Absentee Ownership:
Make a Great Living While Really Enjoying Your Life
Part II
The Five "R" Process
- Refine
- Repeat
- Review
- Reel 'Em In
- Release
REFINE
Refine your business to its utmost efficiency. Like building a
house, you need to start with a good foundation. There are
six major building blocks of a business foundation:
- Leadership
- Finance
- Production and Delivery
- Sales and Marketing
- People Management
- Organizational Management
Growing your business requires fully understanding, gaining adequate
skills in, and implementing successful strategies for each of these business
building blocks. (To find out the strength of your business building blocks,
take our Business Assessment Challenge,
http://www.sharpchip.com/BusinessAssessmentCh.html designed to identify areas
that need your attention before you proceed to grow your business.)
REPEAT
Create Repeatable Systems.
Think franchise.
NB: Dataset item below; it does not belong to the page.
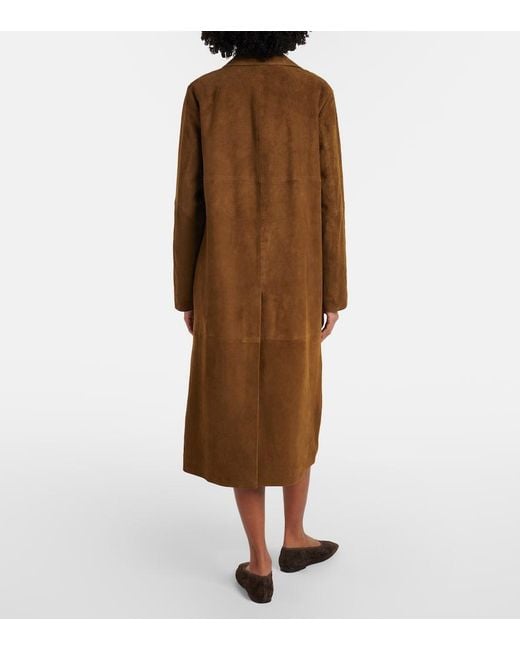 Vince Natural Suede Coat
A franchise may not be your dream, but building your
business as though it were helps you develop successful systems that power
it to achieve whatever your vision is. For instance, McDonald's is somehow
able to not only produce a satisfied customer locally, but also worldwide.
The reason? Their successful formula is repeatable. How do they make it
repeatable? With systems.
Everything in a successful franchise's operations is defined by repeatable
systems that organize people, supplies, equipment, tasks, and functions to work
the same way, regardless of location or participants.
In the cleaning business, the personal nature of the service means that each
customer wants something different, and each staff member works differently.
This results in unsatisfied clients (for the same service that thrilled others),
and too much job stress trying to keep everyone happy. The solution? Look at
everything in your business as a component of a system, so that you can improve it.
I reviewed and re-created successful repeatable systems for how clients received
information, how prices were bid, how the cleaning was performed, how the staff
was trained, how the billing was done, and much more. The systems were detailed,
right down to which direction to push the sponge, and what words to use when
setting up a new customer.
REVIEW
Establish practices for regular review of your business.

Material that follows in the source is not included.